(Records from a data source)
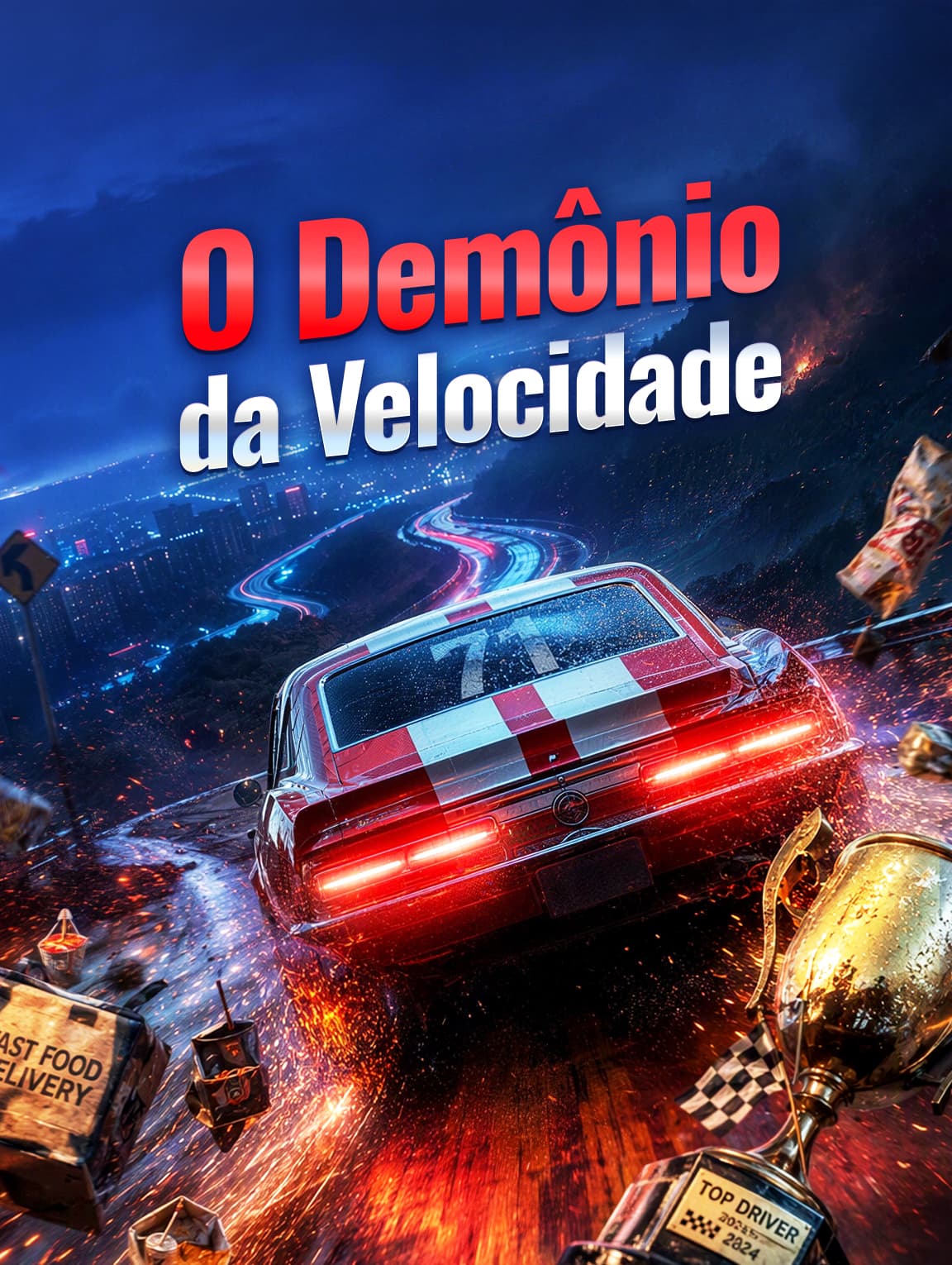 O Demônio da Velocidade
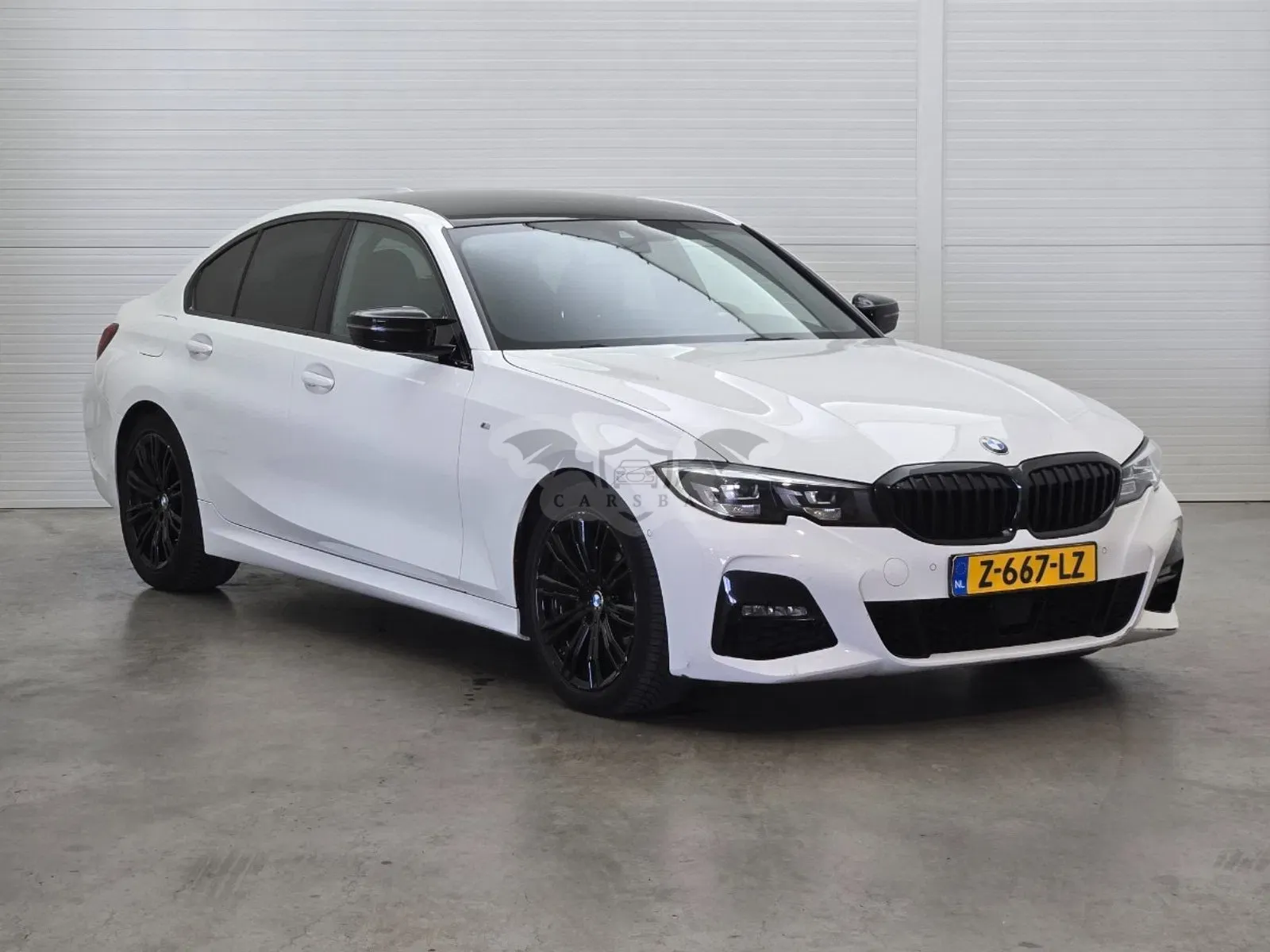 BMW 3 Series 320i High Executive 2019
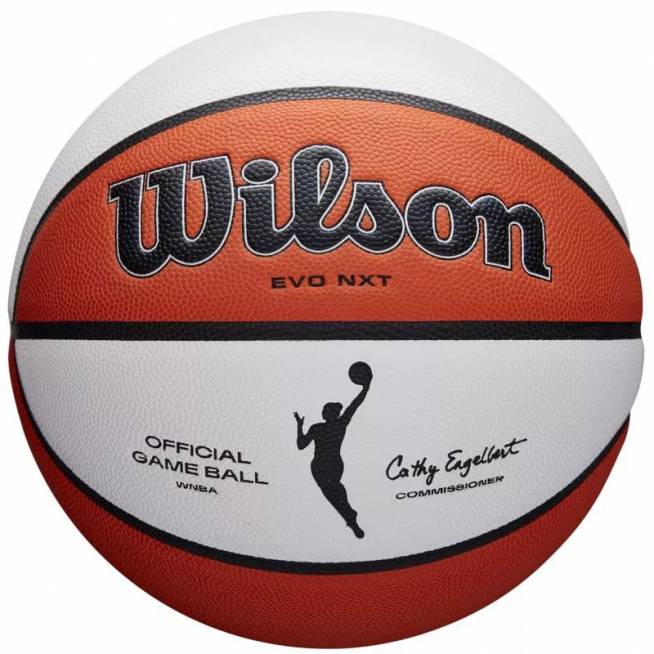 "Wilson WNBA" oficialus žaidimo kamuolys WTB5000XB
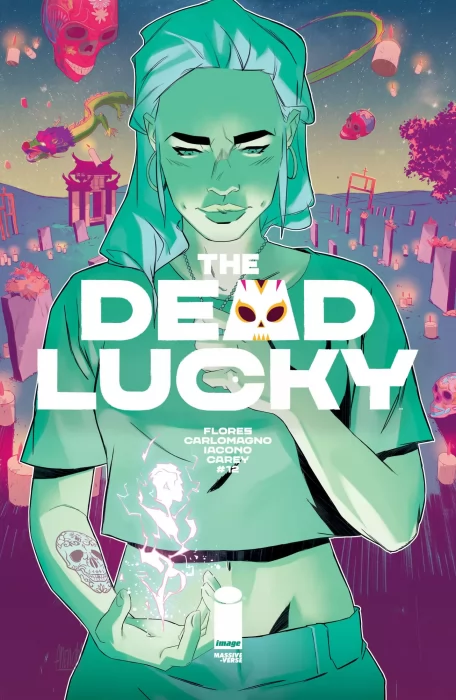 The Dead Lucky (The Dead Lucky #12)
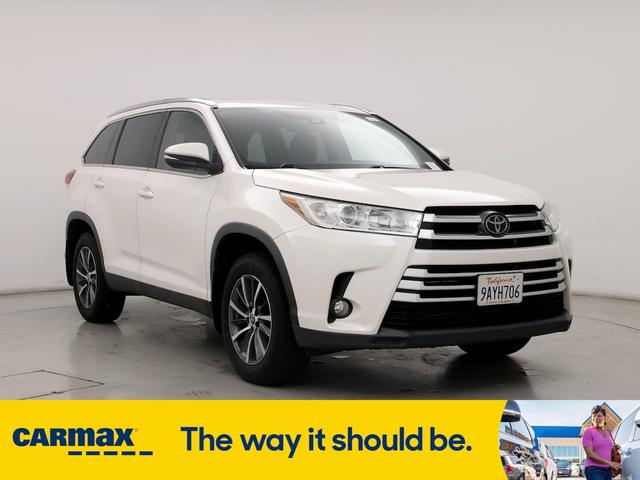 2019 Toyota Highlander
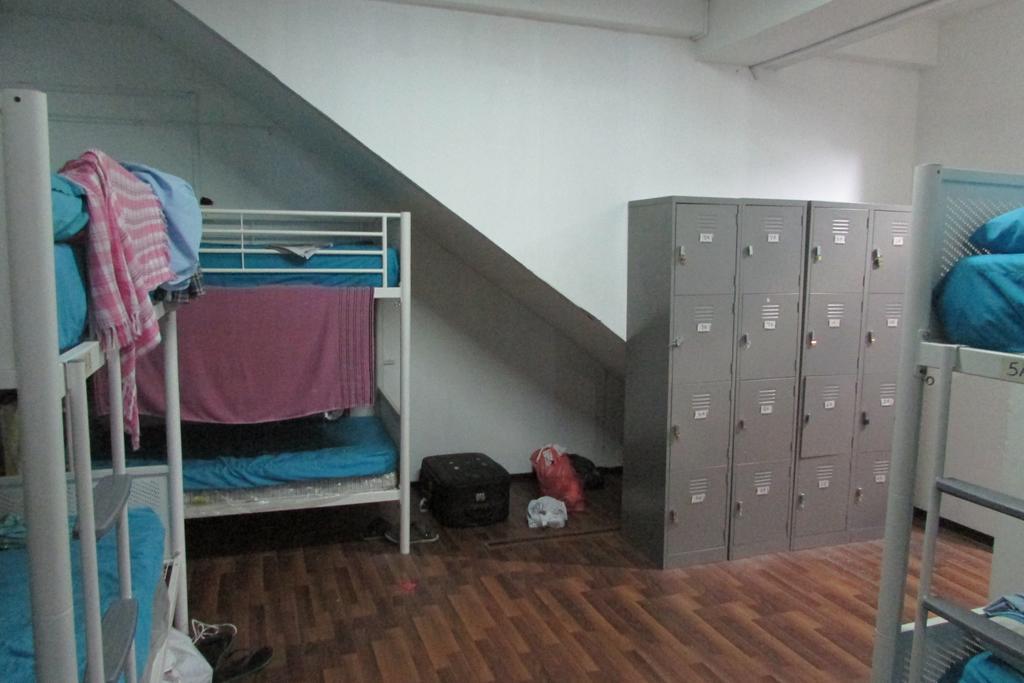 Mks Backpackers Hostel - Dalhousie Lane Singapur Pokój zdjęcie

Exercise directions:
Whatever pictures the entries contain, omit them, and write the rest out exactly.

Reply:
 O Demônio da Velocidade
 BMW 3 Series 320i High Executive 2019
 "Wilson WNBA" oficialus žaidimo kamuolys WTB5000XB
 The Dead Lucky (The Dead Lucky #12)
 2019 Toyota Highlander
 Mks Backpackers Hostel - Dalhousie Lane Singapur Pokój zdjęcie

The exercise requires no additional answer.